ASKERİN YALITILMIŞ BİR HAYATI VAR
Özden Örnek’in günlüğünde de bir iç eleştiri vardı: Askerin lojmanlarda yaşayıp askeri mekanlarda zaman geçirmesi ve toplumdan yalıtılmış bir hayat sürmesinin, kendi toplumunu tanımamasında, güvensiz olmasında ne kadar etkili?

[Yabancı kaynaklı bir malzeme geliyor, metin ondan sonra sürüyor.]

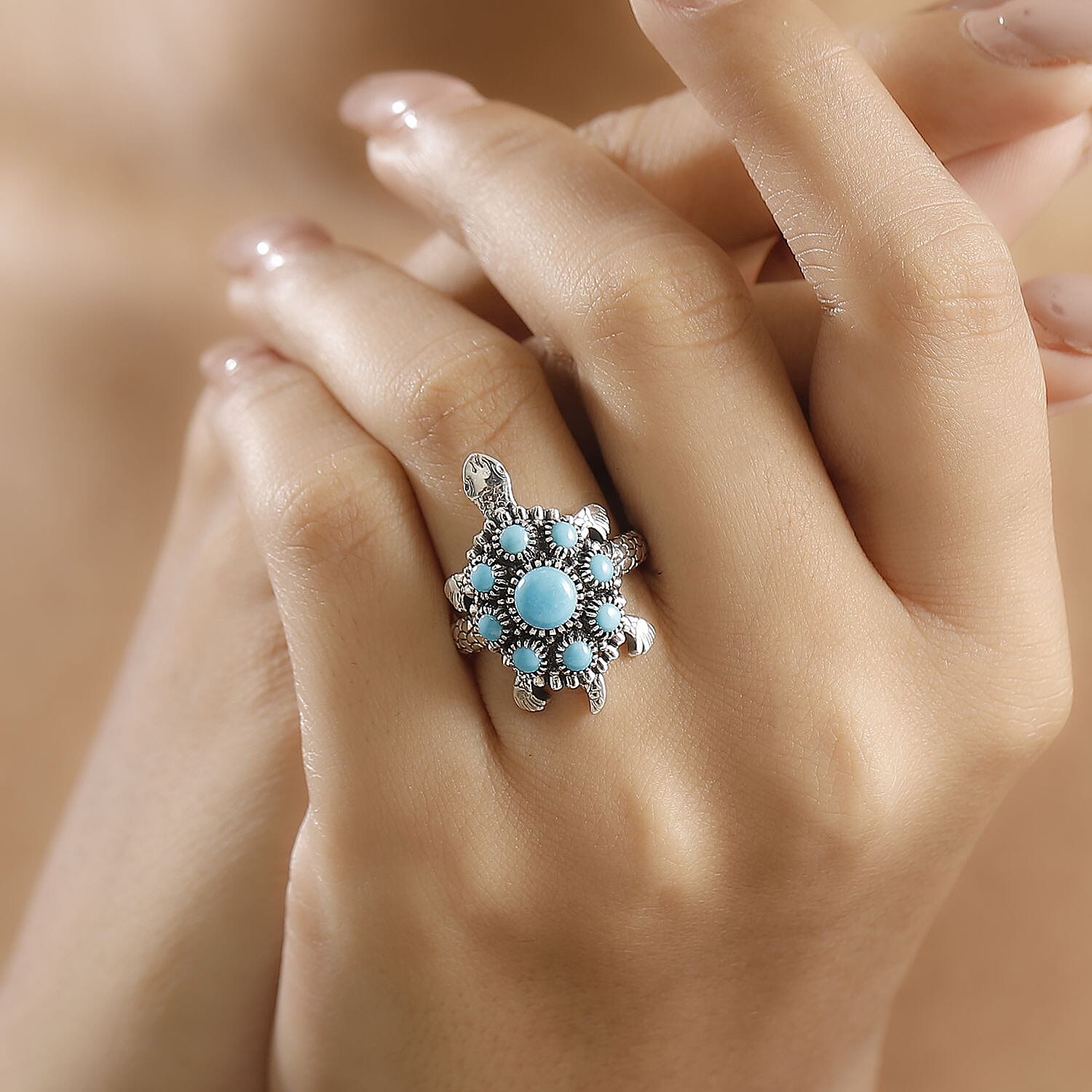 Artisan Crafted Sleeping Beauty Turquoise 1.85 ctw Turtle Ring in Black Oxidized Sterling Silver (Size 10.0)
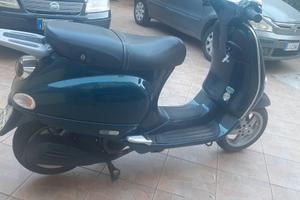vespa et4 150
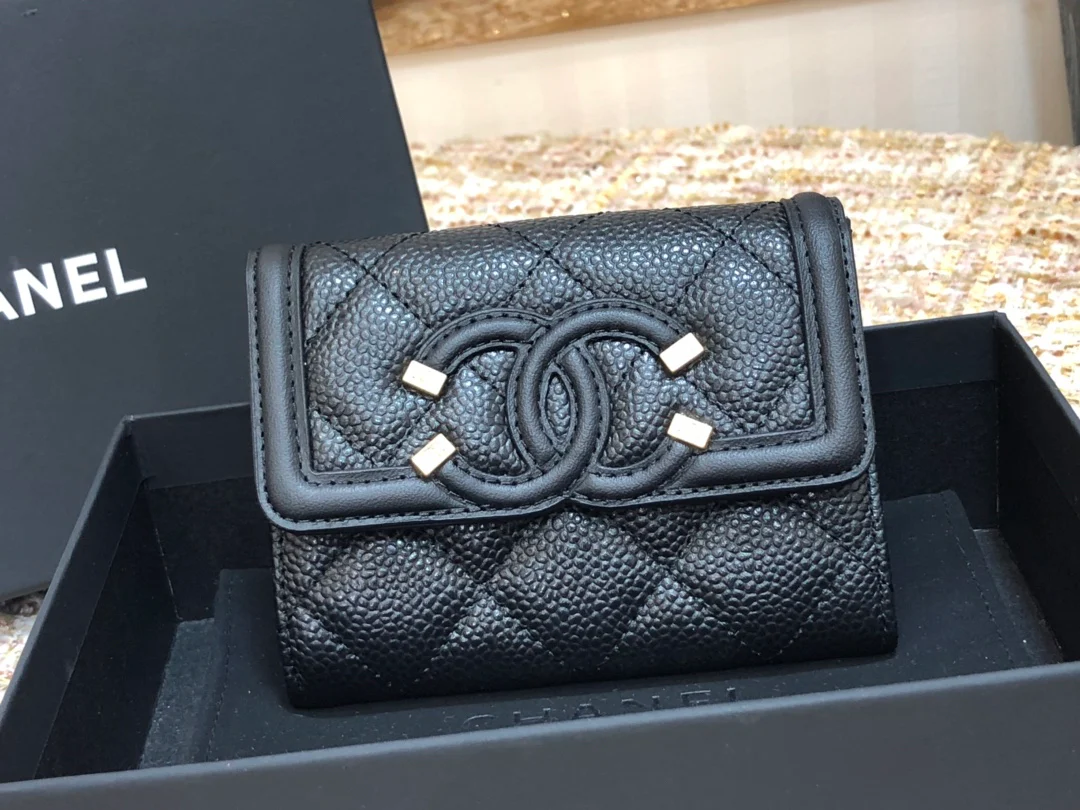 Винтажный кожаный двухслойный держатель для карт Chanel CC с антикварной фурнитурой.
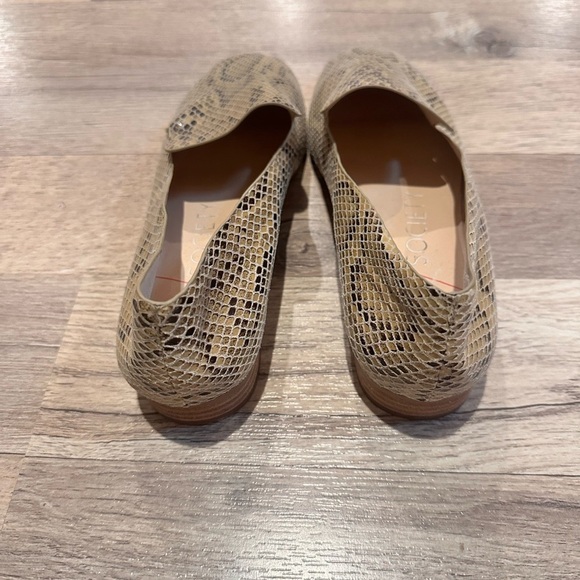 Sole Society Tan and Black Flats with Snakeskin Print - Picture 6 of 6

Bu son 20 yılda arttı. Türkiye’deki kamu kuruluşlarının lojmanlarıyla ilgili Almanak’ta bir çalışma var. MSB’nın ve jandarma’nın 66 bin lojmanı var. Subay ve astsubay sayısı da 60 bin civarında . Bu yüksek bir lojman oranı. Diğer tarafından Emniyet’in 214 bin personeli, 46 bin lojmanı, MEB’in 852 bin personeli, 44 bin lojmanı var. Görüldüğü gibi lojmanda yaşayan subay astsubay sayısı orantısal olarak çok yüksek. . Bu lojmanların çoğu küçüktür, konforu sınırlıdır ve bir ölçüde güvenlik nedeniyle bu lojmanlarda oturulur. Ama lojmanda yaşamak, bunun yanında sosyalleşme mekânının ordu evleri olması, subay ve astsubay çocuklarının lojmanların yakınındaki aynı okullarda okuması bu yalıtılmışlığı arttırıyor. Yani topluma dokunma alanları akrabalık ilişkileriyle sınırlı. Bu durum kendi içine kapalı bir dünyada yaşamalarına yol açıyor. Terörle mücadele nedeniyle subayların daha korunaklı lojmanlarda yaşaması gerekliliği bir neden, diğeri kendini kurumsal olarak yeniden üretim mekanizmasının çok önemli bir ayağı olması.
GENELKURMAY MİLLİ SAVUNMA BAKANINA BAĞLANSIN
Siyaseten özerk olan TSK’nın, genelkurmayın ismi olup cismi ve yetkisi olmayan MSB’ye bağlanması da demokratikleşme açısından bir gereklilik midir?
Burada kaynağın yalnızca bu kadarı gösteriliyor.